With a bruise under her right eye and an FBI baseball cap on her head, Sluti stepped off a private jet with her parents and brother. A small group of family members and friends shrieked with excitement.
"Thank God she's alive," said her aunt Sue Daniel. She placed a sign in the dashboard of her minivan that showed a happy face and said "Welcome Home, Anne."
"I'm just happy to get back home," Sluti said earlier in the day as the family prepared to leave Kalispell, Mont. "I want to thank everyone who helped me get home safely."
Remarked her mother, Elaine Sluti, "Someone at the hotel said to me this morning, 'Have a good day.' Believe me, we are having a very good day."
More than 200 people attended a celebration Friday at the University of Nebraska-Kearney, where Sluti's father, Don, is an associate professor of management and marketing. They joined hands, circled the university's bell tower and observed a silent prayer in support of the family.
She was finally freed about 3 a.m. Thursday after more than five days in captivity. The ordeal ended with a 10-hour standoff at a lakeside cabin in Rollins, Mont., 900 miles from Kearney. Her alleged abductor, Anthony Zappa, a fugitive wanted for various crimes in several states, was arrested and charged with kidnapping.
Authorities on Thursday were calling the honors student "very clever and very brave" and said she was instrumental in persuading Zappa to surrender. Police said Sluti worked the phone during the standoff, confidently relaying each side's reassurances and demands.
Zappa wouldn't speak to authorities surrounding the cabin until minutes before the surrender, but it was clear he was hovering over Sluti while she talked, Lake County Undersheriff Mike Sargeant said.
She never referred to Zappa by name until the end.
"Can I talk to Tony?" Sargeant asked.
"That's entirely up to him," Sargeant recalled Sluti saying.
"I could almost envision her thrusting the phone toward him, and she said 'Talk to them, Tony,"' he said.
Zappa's voice was almost a whisper when he spoke.
"I'm scared they're going to shoot me," Zappa said, according to Sargeant. He made two demands, Sergeant said: He didn't want officers to shoot him, and he wanted to serve his prison time in Minnesota.
Zappa, 29, also known as Anthony Steven Wright, was already wanted on charges including assault, theft and gun violations in Nebraska, Iowa, Wisconsin and Louisiana.
He had eluded authorities since February for failing to appear in Minnesota on a burglary charge, and at one point, police closed the Mall of America near Minneapolis after he was spotted.
The day after she was kidnapped, Sluti tried to phone family and friends but was cut off, police said.
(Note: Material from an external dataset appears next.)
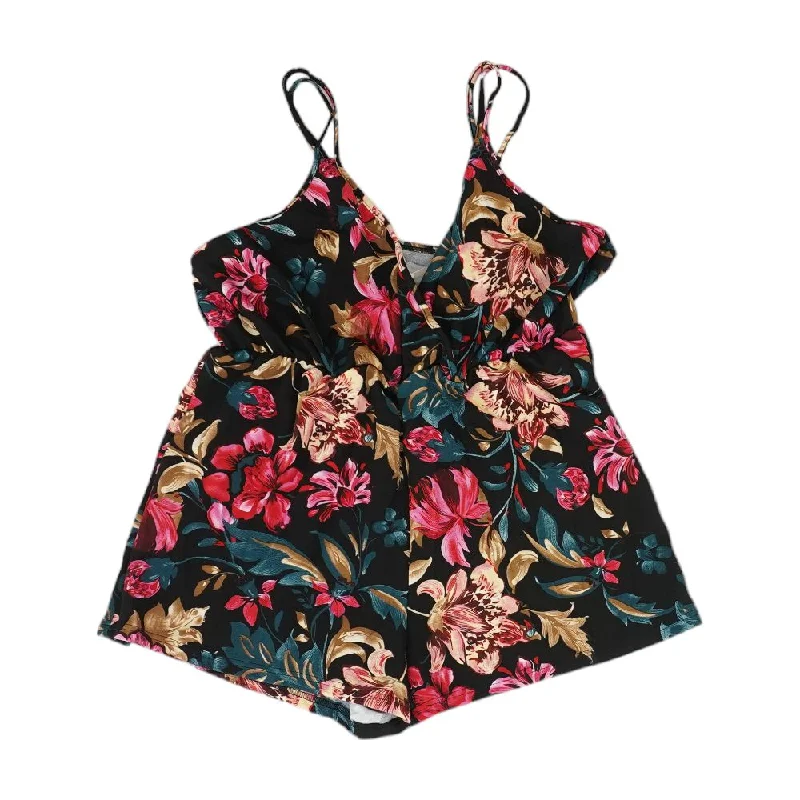 Midnight Madness Black Floral Romper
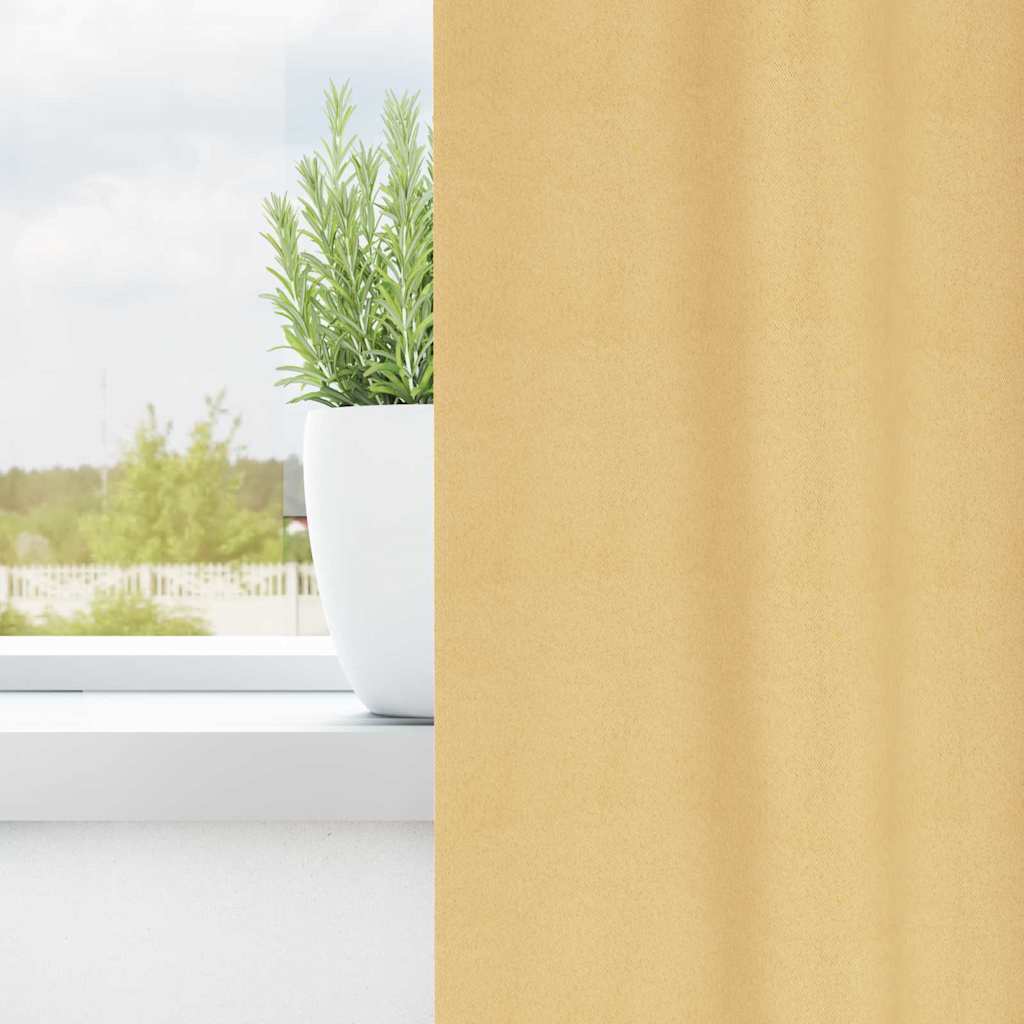 Verdunkelungs-Vorhänge mit Ringen 2 stk. Beige 260 x 140 cm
On Sunday, her 911 call got through and was traced to a cabn near Yellowstone National Park, but police found it empty.
Authorities linked Zappa to the abduction through a stolen sport utility vehicle believed used in the kidnapping and found abandoned in Montana, not far from where a blue Toyota Tercel had been stolen.
On Wednesday, a landlord tipped off police to the cabin on Flathead Lake after reporting an unfamiliar car nearby. It was a blue Tercel.